*Supplied data*:
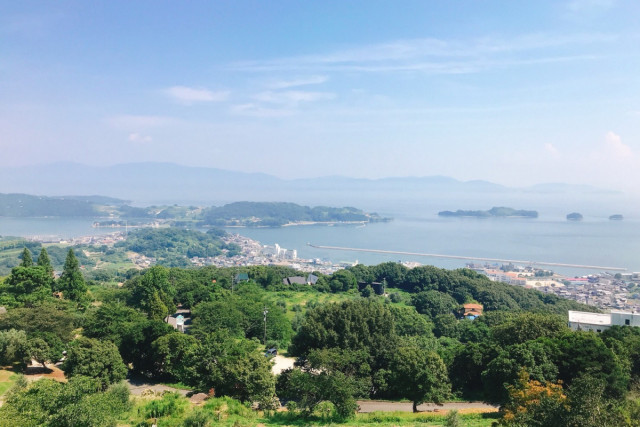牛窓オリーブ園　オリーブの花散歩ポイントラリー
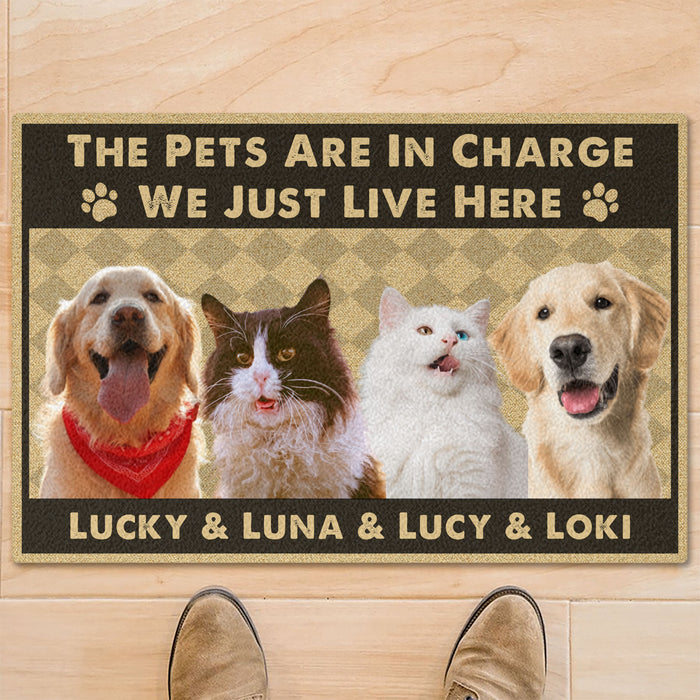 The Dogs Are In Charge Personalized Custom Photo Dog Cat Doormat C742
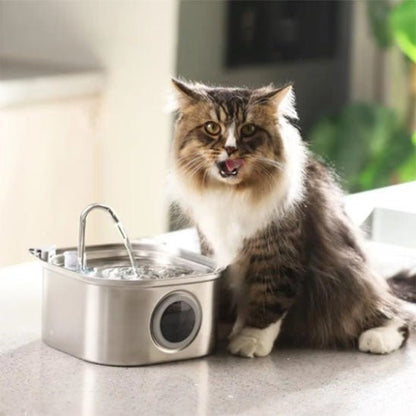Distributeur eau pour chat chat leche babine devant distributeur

...

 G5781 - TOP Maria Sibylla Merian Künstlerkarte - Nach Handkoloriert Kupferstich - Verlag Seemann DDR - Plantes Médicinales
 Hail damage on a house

*Task item*: No picture is to be printed. Output exactly the lines above from the line containing "牛窓オリーブ園　オリーブの花散歩ポイントラリー" through the line containing "Distributeur eau pour".

*Reply to the task*:
牛窓オリーブ園　オリーブの花散歩ポイントラリー
 The Dogs Are In Charge Personalized Custom Photo Dog Cat Doormat C742
Distributeur eau pour chat chat leche babine devant distributeur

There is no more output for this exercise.